The United States: The attempt at twenty-first century statecraft

The US State Department was among the first Western non-intelligence bodies to recognize the challenges and opportunities of networks and the early communications revolution. Condoleezza Rice’s idea of “transformational diplomacy” included measures to create eDiplomacy on the tech side, and an inter-institutional rapid crisis-response team on the other, which could connect corporations, NGOs, and government institutions to leverage American strengths.

Former dean of Princeton University Anne-Marie Slaughter expanded upon these efforts when she led the Office of Policy Planning for Secretary Hillary Clinton. Her intention was to transform State into a node of networks, without losing site of the institution’s critical role in preserving national security. In full commitment to Western values of open markets, open societies, and open governments, the US Department of State would further redefine institutional collaboration toward the creation of twenty-first century statecraft, designed to complement traditional foreign policy tools with newly innovated and adapted instruments that leveraged the technologies of the interconnected world. Jared Cohen, a holdover from Rice’s staff, spearheaded the effort—and would later go to be the CEO of Google Ideas/Jigsaw. In a world in which power was decentralized away from governments and toward networks of people, so the logic went, twenty-first century statecraft would address these as “potential tools to be activated, designed, and managed to achieve specific policy goals.”[17] Adaptation and institutional learning would be part and parcel of this strategy.

The intention was to rethink American strategy to reflect both the ability to mitigate the international conflicts which arose from economic, territorial, and military issues between nation–states (the “chessboard,” as Slaughter calls it) with the active engagement and manipulation with networks of all kinds (the “web”), from Save the Children to Tahrir Square protestors to Boko Haram terrorists and the platforms—Facebook, Twitter, and YouTube (all products of American innovation)—that powered their reach. The goal was to create anticipatory foreign policy that could stay more than a breath ahead of constant-crisis mode.

It was an attempt to create interoperable structures on the “hard policy” issues with respect to cyber-security with related agencies, including the expansion of rules- and norm-setting capacities of the State Department, while offering an accountability mechanism in the “soft power” domains of foreign policy: tools, connections with state- and non-state actors active across the world (from corporations to humanitarian organizations) that would promise support and accountability from one of the best resourced foreign-service organizations in the world. Similarly, it was an attempt at matching resources to challenges more effectively. The State Department, so the logic went, would be a node in a world of networks, transforming itself internally in process, personnel, and policy design to anticipate longer-term threats to US security and its standing in the world.
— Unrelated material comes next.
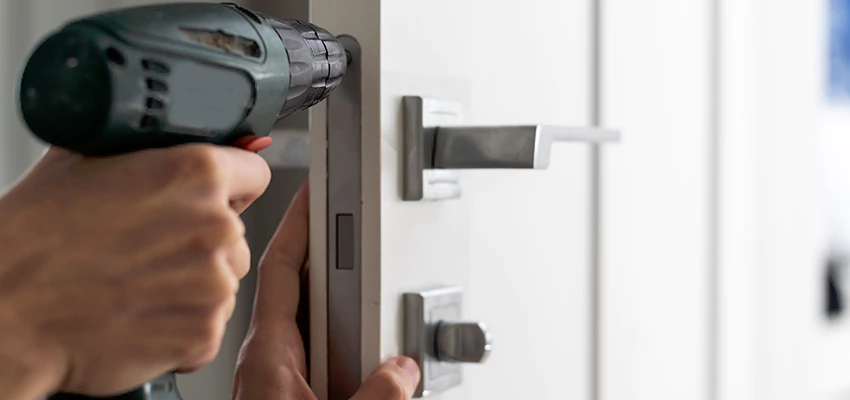 Locksmith For Lock Replacement Near Me in Lemon Grove, CA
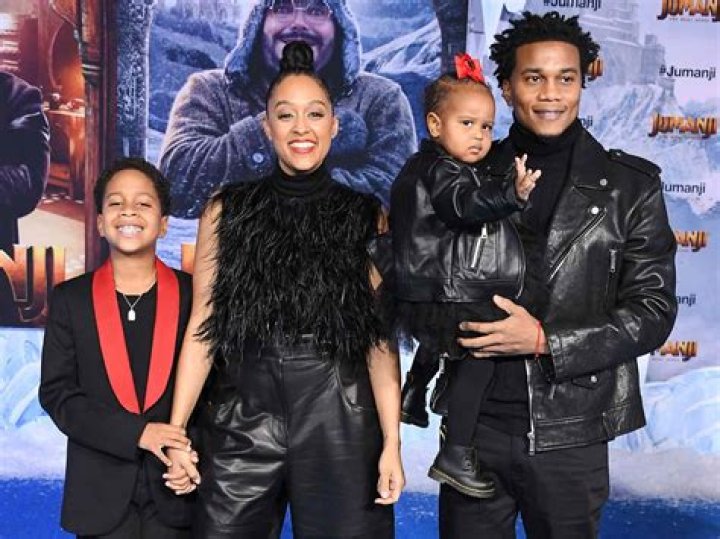 Cree Hardrict Birthday, Age, Height, Instagram, Movies, And Net Worth Of Tia Mowry’s Son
Slaughter’s team broke open siloed thinking: In a first instance, the Harvard-trained lawyer copied a contracting model used by the Department of Defense to be able to collaborate with technology providers, corporations, and NGOs. Tech, as an extension of American innovation, would become a tool of US diplomacy. The most memorable early example? Jared Cohen’s call to Twitter executives to permit continued social-media exchange during the Iranian Green Revolution. Policy shifts within the first Obama administration empowered these changes: While the National Security Council’s competence was expanded on critical “hard policy” foreign-policy decisions, State had the room to maneuver to build an interconnected strategy, published as the 2012 “Quadrennial Diplomacy and Development Review,” to highlight strategies from development partnerships with local telecom providers in Haiti, to OpenSource Government initiatives, whose big-data sets allowed for better forecasting.[18] New partnerships were formed. Hackers arrived at Foggy Bottom, as a consortium of tech activists supported by the New America Foundation, a prominent think-tank, to develop “internet in a suitcase” in support of nascent democratic movements threatened to lose connectivity, as governments curtailed internet access.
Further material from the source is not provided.